What is Batman/Predator?
The story for this crossover is actually very simple and I believe it’s patterned on the original Predator film starring Arnold Schwarzenegger (more on that later). A mysterious creature is stalking Gotham City at night, murdering some of the strongest and most powerful men in the city, including the two best boxers and some of the elite.
As that is going on, Batman is dealing with a war among mobsters and gangsters that have control of different crime sectors in the city. But both situations end up clashing with each other and the Caped Crusader has to deal with this beast from another world, one of the most powerful creatures he has ever faced in his entire career.
How was it?
The best two Predator movies, which are of course the first and the second, have very similar patterns, and even without the presence of the Predator we already have a defined storyline. The first one is a military adventure in Central America, while the second is a buddy cop film in a city consumed by corruption. And in both cases, the Predator shows up and everything is amped up a notch.
What makes this comic work so well is that Gibbons understands how the Predator franchise fits so well with the Batman universe: a horror-themed villain that stalks the night and kills every living thing he deems as a “champion” until finding its biggest prize, the Batman. The gothic, dark and horror elements of the Batman universe fit well with this kind of threat and Gibbons implements it as a full-blown, violent horror story that works like a charm.
Sure, it’s a very straightforward story (Batman fights the Predator… that would be the whole summary), but it’s done in a clever manner. Batman is pushed to his limits to fight a creature that can overpower him with ease and he’s forced to lick his wounds in order to create a better plan as Gotham falls to ruin with the Predator loose.

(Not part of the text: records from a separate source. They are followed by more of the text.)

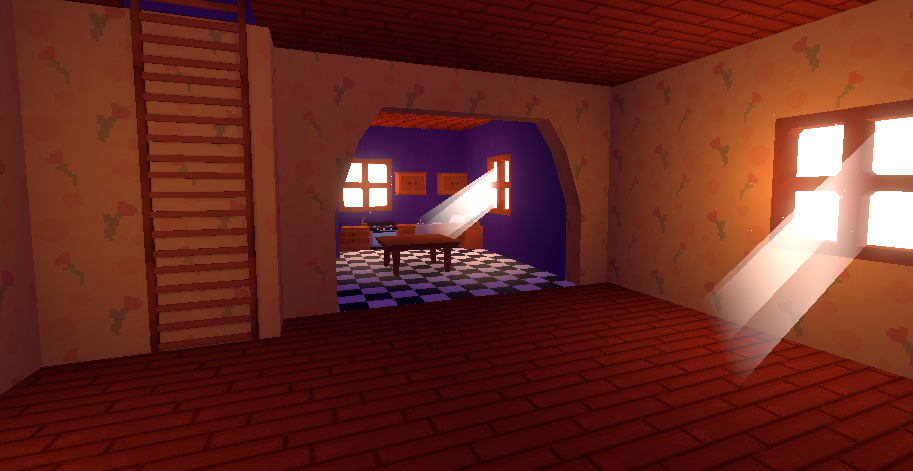 Screenshot from Flutes House which include the kitchen and the sewing room
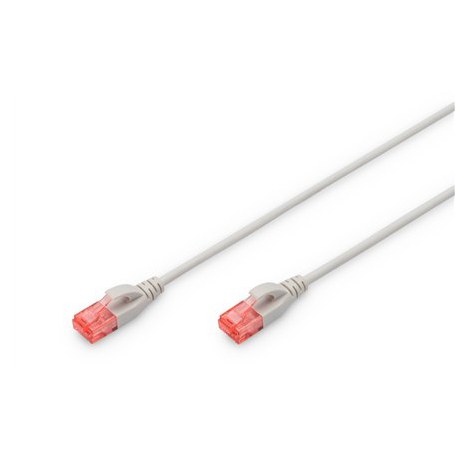 Digitus | Patch cord | CAT 6 U-UTP Slim patch cord | 2 m | Grey | Modular RJ45 (8/8) plug | Transparent red coloured connector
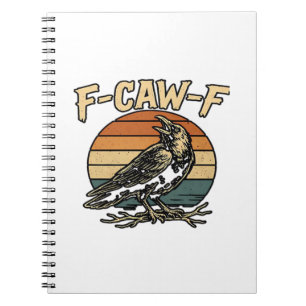 Caderno Espiral Humor Gótico Caw F Engraçado Corvo Estilo Criativo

Gibbons manages to show (and perhaps this is me reading too much between the lines) why Batman is so vital to Gotham: he is the only one capable enough to deal with this threat and he is willing to put himself on the line to make this happen. I think this heroic side of Batman and this aspect of him showing willing to go beyond the pain to protect his city, is an element of his character that is sadly missed these days. He is shown, in more and less obvious ways, as Gotham’s knight fighting the evil beast. Thematically speaking, it feels like an epic myth of sorts, which is not surprising given that superheroes can be viewed as modern mythology.
Leaving symbolism and themes aside, it’s simply a fun action blockbuster. The story flows in a very natural manner, the established characters behave in their expected manner and there is an element of excitement that is fun to read. Gibbons makes the Predator feel like a natural part of Batman’s gallery of rogues and the challenge he represents is very interesting because the Dark Knight needs to do everything in his arsenal to level with him.
For such a simple and short story (it’s three-issues long), it manages to do a lot with the short time we spend together.
How does it look?
Andy Kubert is one of my favorite comic book artists and while I think he has always done quality work throughout his career, I’m more of a fan of his early 90s work. It was rawer, more intense, and had a lot of kinetic energy to it. He added a degree of drama that fit with his X-Men stories and this Batman/Predator crossover.
Here he is backed in the inking department by his brother, Adam, and I think he helps a lot to give the book a darker and more sinister feel to it. The key to writing good horror is to convey a certain atmosphere and the Kubert brothers definitely did that here.
For all the criticism that the Image era of comics had throughout the years, there’s a certain quality in the art: it feels powerful, dramatic and over the top, which fits very well with a bat-themed vigilante fighting a murderous alien in the middle of a rainy night. I honestly don’t understand people that prefer a more modest approach to such big concepts.
What does it represent?
Batman/Predator might not be a masterpiece, but it is a fine example of how to make comics, of how to tell an exciting story and of how impactful and valuable quality art is. It demonstrates a great understanding of franchises you are working with and overall shows respect for the medium as a form of entertainment.
I don’t know how easy it is to find this miniseries (after all, there are a lot of business complications between DC and Dark Horse), but I highly recommend you read this story because it’s a wonderful example of the Batman and Predator franchises in their absolute prime.